Bratislava. „Wir schützen die Slowakei!“, verspricht Robert Fico von großen Plakatflächen im ganzen Land. Die Gefahr, vor der der kämpferische Regierungschef sein Land schützen will, sind die „illegalen Migranten“. Sie sind seinen Worten nach die „größte Bedrohung für die Slowakei“.

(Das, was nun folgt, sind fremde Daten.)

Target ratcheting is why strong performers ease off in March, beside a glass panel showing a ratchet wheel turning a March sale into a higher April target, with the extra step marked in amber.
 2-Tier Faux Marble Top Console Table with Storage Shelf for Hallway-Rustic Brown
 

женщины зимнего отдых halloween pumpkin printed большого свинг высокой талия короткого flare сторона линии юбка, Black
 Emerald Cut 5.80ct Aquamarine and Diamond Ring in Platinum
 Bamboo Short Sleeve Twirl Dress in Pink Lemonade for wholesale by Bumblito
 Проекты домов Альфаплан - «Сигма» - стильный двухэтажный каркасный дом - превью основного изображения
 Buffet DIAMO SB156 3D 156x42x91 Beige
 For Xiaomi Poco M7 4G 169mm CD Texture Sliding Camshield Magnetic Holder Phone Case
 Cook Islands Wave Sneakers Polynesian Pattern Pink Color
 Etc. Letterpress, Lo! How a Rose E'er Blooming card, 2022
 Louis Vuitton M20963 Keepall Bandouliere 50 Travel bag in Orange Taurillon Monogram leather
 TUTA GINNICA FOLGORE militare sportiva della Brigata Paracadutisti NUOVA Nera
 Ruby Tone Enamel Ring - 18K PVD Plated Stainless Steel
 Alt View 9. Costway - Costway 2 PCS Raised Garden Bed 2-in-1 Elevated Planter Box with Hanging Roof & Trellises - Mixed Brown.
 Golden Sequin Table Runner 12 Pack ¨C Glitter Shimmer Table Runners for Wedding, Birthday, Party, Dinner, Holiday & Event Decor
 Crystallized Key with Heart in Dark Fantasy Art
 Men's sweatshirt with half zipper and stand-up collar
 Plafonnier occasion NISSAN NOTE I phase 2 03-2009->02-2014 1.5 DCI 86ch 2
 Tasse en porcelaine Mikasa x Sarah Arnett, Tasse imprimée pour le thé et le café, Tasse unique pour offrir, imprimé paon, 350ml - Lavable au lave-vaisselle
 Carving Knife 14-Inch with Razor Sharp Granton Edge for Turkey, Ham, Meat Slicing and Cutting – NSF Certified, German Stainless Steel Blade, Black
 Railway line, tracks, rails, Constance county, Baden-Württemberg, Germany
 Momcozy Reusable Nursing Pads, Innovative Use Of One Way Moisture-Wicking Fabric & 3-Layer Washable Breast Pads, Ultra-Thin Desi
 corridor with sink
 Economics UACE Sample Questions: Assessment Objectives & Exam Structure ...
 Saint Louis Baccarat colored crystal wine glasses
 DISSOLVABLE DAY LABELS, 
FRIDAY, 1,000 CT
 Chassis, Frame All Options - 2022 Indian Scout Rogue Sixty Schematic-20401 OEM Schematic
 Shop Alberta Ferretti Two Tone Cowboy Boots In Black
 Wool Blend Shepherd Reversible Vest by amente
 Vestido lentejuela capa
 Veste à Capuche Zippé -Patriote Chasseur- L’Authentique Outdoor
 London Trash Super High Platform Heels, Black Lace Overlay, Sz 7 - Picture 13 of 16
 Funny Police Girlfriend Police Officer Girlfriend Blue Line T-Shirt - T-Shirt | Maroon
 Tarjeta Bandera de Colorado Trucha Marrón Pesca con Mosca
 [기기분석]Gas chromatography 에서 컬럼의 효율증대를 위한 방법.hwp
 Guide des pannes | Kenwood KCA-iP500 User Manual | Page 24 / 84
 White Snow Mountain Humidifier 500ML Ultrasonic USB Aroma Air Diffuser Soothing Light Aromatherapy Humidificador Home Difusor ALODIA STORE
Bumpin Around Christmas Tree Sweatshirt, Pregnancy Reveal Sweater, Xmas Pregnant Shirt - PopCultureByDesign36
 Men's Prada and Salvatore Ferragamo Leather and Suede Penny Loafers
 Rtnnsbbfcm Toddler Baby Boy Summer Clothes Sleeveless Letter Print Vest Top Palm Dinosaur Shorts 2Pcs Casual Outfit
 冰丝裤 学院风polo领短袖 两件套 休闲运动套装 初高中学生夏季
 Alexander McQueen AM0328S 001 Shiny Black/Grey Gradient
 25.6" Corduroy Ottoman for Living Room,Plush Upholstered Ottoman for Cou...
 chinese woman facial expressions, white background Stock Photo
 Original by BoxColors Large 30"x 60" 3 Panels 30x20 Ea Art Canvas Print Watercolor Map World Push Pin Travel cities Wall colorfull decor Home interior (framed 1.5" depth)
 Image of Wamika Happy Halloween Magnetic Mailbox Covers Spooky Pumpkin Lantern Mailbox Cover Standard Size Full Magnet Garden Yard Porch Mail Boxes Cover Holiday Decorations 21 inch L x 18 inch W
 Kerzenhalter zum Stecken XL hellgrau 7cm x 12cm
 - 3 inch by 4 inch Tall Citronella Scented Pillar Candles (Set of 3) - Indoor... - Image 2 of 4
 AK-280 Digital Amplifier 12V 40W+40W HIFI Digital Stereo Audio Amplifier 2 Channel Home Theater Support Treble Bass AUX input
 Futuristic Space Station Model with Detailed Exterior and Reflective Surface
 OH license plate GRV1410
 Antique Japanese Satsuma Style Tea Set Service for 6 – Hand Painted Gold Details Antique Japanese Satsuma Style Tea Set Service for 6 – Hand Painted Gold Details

Tatsächlich machten Flüchtlinge bisher einen großen Bogen um das für sie so wenig gastfreundliche Land. Nur 330 Menschen haben im gesamten Jahr 2015 hier einen Asylantrag gestellt. Mit Ausnahme von nur acht Personen wurden alle abgelehnt. Die größte Gruppe der tatsächlich im Land untergebrachten Asylwerber sind jene knapp 500, die sich eigentlich im österreichischen Asylverfahren befinden, aber aus Kapazitätsgründen nach Gabčíkovo „ausgelagert“ wurden.

Gegen die im vergangenen Jahr von den EU-Innenministern gegen den Willen der Slowakei und drei anderer Staaten (Ungarn, Tschechien und Rumänien) beschlossenen Aufnahmequoten hat die Regierung in Bratislava bereits im Dezember eine offizielle Klage beim EU-Gerichtshof eingebracht. Der Klage hat sich bisher nur Ungarn angeschlossen. Pikanterweise übernimmt die Slowakei, die sich bisher gern als EU-Musterschüler präsentiert hat, ausgerechnet während dieses Flüchtlingsstreits die EU-Ratspräsidentschaft (ab 1. Juli). Bei den slowakischen Wählern kommt Ficos migrantenfeindliche Politik jedoch bestens an.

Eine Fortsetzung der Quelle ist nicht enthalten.